In this context, the government’s commitment to maintaining employment, consumer and environmental standards post-Brexit is a natural extension of its domestic programme.
Doing things differently in some unspecified way
What this ideological transformation means for the forthcoming negotiations on the UK-EU future partnership is unclear. The debate until now has been between those who want a model of close alignment with the EU post-Brexit and those who want the maximum flexibility to diverge once we leave.
But the political fluctuations over the past five years have rendered the question of divergence devoid of any substantive meaning. If divergence is about deregulation, then this flies in the face of public opinion and, indeed, much of the current Cabinet. It would be interpreted by many as a betrayal of those leave voters who were in large part fundamentally opposed to a shrinking of the state and unaware that their vote could be interpreted as such.
But if divergence is about strengthening regulations and expanding the role of the state, then it is largely pointless, since in most cases the EU sets minimum standards for harmonisation and does not restrict, for instance, stronger working time rules (see France) or tighter caps on bankers’ bonuses (see the Netherlands). Even EU state aid rules are largely compatible with an active industrial policy and the nationalisation of strategic industries. Even EU state aid rules are largely compatible with an active industrial policy and the nationalisation of strategic industries.

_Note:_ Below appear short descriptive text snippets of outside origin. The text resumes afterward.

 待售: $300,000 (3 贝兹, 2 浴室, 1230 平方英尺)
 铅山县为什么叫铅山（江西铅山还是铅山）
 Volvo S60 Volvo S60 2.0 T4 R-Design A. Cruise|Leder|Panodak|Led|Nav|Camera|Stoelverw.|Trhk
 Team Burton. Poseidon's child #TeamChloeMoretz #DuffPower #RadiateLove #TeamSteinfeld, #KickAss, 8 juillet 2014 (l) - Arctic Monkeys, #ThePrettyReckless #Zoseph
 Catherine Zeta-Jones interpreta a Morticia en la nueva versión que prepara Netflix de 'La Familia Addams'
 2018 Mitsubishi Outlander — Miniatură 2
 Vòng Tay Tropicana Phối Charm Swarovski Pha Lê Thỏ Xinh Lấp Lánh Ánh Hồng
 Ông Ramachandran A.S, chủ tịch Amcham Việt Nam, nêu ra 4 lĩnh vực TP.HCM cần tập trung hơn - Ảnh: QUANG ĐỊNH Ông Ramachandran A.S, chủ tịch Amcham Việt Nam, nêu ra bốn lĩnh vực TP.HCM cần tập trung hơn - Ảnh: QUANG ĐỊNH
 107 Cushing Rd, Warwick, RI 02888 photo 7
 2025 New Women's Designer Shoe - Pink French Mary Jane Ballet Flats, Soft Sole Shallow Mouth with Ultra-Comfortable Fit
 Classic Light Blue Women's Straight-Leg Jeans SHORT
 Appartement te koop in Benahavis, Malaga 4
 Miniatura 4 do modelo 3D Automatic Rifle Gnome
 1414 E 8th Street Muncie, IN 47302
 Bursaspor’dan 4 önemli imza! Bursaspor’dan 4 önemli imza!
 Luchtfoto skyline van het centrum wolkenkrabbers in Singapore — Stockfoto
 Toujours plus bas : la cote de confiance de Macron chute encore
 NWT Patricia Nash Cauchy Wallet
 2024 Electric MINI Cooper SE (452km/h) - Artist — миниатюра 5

Divergence therefore comes down to a matter of ‘doing things differently’ in some unspecified way. Yet such a move would almost certainly face widespread opposition from business – who, all things being equal, find it easier to work with similar cross-border regulations rather than different ones. Shorn of a ‘cutting red tape’ agenda, divergence would therefore do little other than frustrate the very people it was originally designed to help.
We can leave the EU, but not Europe…
As a result, the shift in the underlying ideology of Brexit strengthens the case for a high-alignment relationship between the UK and the EU. Indeed, the European Council guidelines require a ‘level playing field’ – including aligned rules on tax, state aid, and social, environmental and regulatory measures – even for a limited UK-EU FTA.
This means that even a future partnership that prioritises divergence would still require considerable alignment in practice – hence the UK’s concerns about a deal that offers “the rights of Canada and the obligations of Norway”. On the other hand, a high-alignment model – along the lines of IPPR’s ‘Shared Market’ proposal – would ensure closely aligned regulations alongside a concomitant level of access.
An agreement of this type would help to guarantee the high level of access we need while acknowledging UK and EU regulations will remain closely aligned in future.
Given the weak political case for divergence, and given the EU’s geographical proximity and importance as a trading partner, the alternative would simply be unilateral alignment without a corresponding right of market access.
As David Cameron said in his Bloomberg speech, “if we leave the EU, we cannot of course leave Europe. It will remain for many years our biggest market, and forever our geographical neighbourhood.” This part of the speech, at least, has stood the test of time.